Wer in dieser Schau der Düsseldorfer Kunstsammlung NRW zuerst die linke Hälfte der langgestreckten Halle erkundet, folgt Slevogts Spuren durch den ägyptischen Sand, auch zu jenem hier abgebildeten "Getreidehafen in Assuan". Wen zunächst Neugier auf die rechte Hälfte packt, der erfährt als Erstes, wozu sich Klee von Ägypten inspirieren ließ, etwa zu dem gleichfalls hier abgebildeten, nahezu ungegenständlichen "Abend in Ägypten". Und wer beide Maler miteinander vergleichen möchte, kann unterwegs hin- und herpendeln.

Biografisch steht die Schau auf etwas unsicherem Grund, denn Slevogt war bereits 1914 in Ägypten unterwegs, Klee erst 1928/29, und es ist zwar wahrscheinlich, aber nicht erwiesen, dass Klee Slevogts Bilder kannte. Auch hat sich Klee vermutlich nicht von Slevogts Kunst inspirieren lassen, denn Klee hatte bereits die Grenze zur Moderne überschritten.

Das Verdienst der Düsseldorfer Ausstellung besteht darin, dass sie anhand ein und desselben Motivschatzes dokumentiert, wie sich der moderne Blick vom impressionistischen unterscheidet. Denn beide Künstler hatten dieselbe Route gewählt: die schon damals bei Touristen beliebte Strecke von Alexandria über Kairo und Luxor nach Assuan und zurück. Erstaunlicherweise spielen Postkartenmotive wie die Pyramiden und die Große Sphinx von Gizeh nur eine Nebenrolle. Slevogt setzt vorzugsweise Landschaften und Menschen ins Bild: Szenen mit orientalisch gewandeten Männern, die sich vor einem Kaffeehaus in Kairo niedergelassen haben, oder in einer schwarzen Kreidezeichnung eine sitzende verschleierte Ägypterin.

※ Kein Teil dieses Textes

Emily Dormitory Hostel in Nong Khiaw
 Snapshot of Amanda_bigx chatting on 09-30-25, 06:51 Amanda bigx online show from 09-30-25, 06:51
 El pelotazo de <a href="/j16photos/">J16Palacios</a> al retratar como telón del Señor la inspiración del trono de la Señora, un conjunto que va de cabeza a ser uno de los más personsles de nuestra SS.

Die leuchtenden Farben des Orients treten bei Slevogt erst ansatzweise hervor. Klees Bilder dagegen leben oft nahezu vollständig aus ihren Farben. Orange, Gelb, Rot und ein tiefes Blau beherrschen die Kompositionen. Landschaft ist zu Farbstreifen verdichtet wie im Aquarell "Monument im Fruchtland". "Feuer Abends", ein Ölgemälde, aus dessen dunklen Blau-, Violett- und Brauntönen ein Rot-Orange als untergehende Sonne leuchtet, gibt eine Topographie und zugleich eine Stimmung wieder, wie Touristen sie aus Ägypten kennen.

Für das Ägypten aus heutiger, noch dazu aus ägyptischer Sicht ist im Ausstellungsreigen der Kunstsammlung Wael Shawky zuständig, ein viel beachteter Teilnehmer der vorigen "documenta". In Kassel zeigte der Ägypter des Jahrgangs 1971 die ersten beiden Teile einer Video-Trilogie, die aus arabischer Sicht mit Hilfe von Marionetten die blutigen Kämpfe der Kreuzzüge schildert. Kindlich und grausam zugleich spielen die Puppen die bis in die Gegenwart wirkenden Ereignisse des Mittelalters nach.

Der vielzitierte "Zusammenprall der Kulturen" zwischen Abend- und Morgenland wird bei Shawky zur düsteren Nummernrevue, der man sich vor einer riesigen Leinwand aussetzen kann. Der dritte und letzte Teil soll im Oktober gleich nebenan im Grabbesaal der Kunstsammlung entstehen und vom 4. Dezember an vorgeführt werden.

Die Frage, wer im Film die Strippen zieht, an denen die Marionetten hängen, weist aus der Gegenwart unweigerlich ins Philosophische.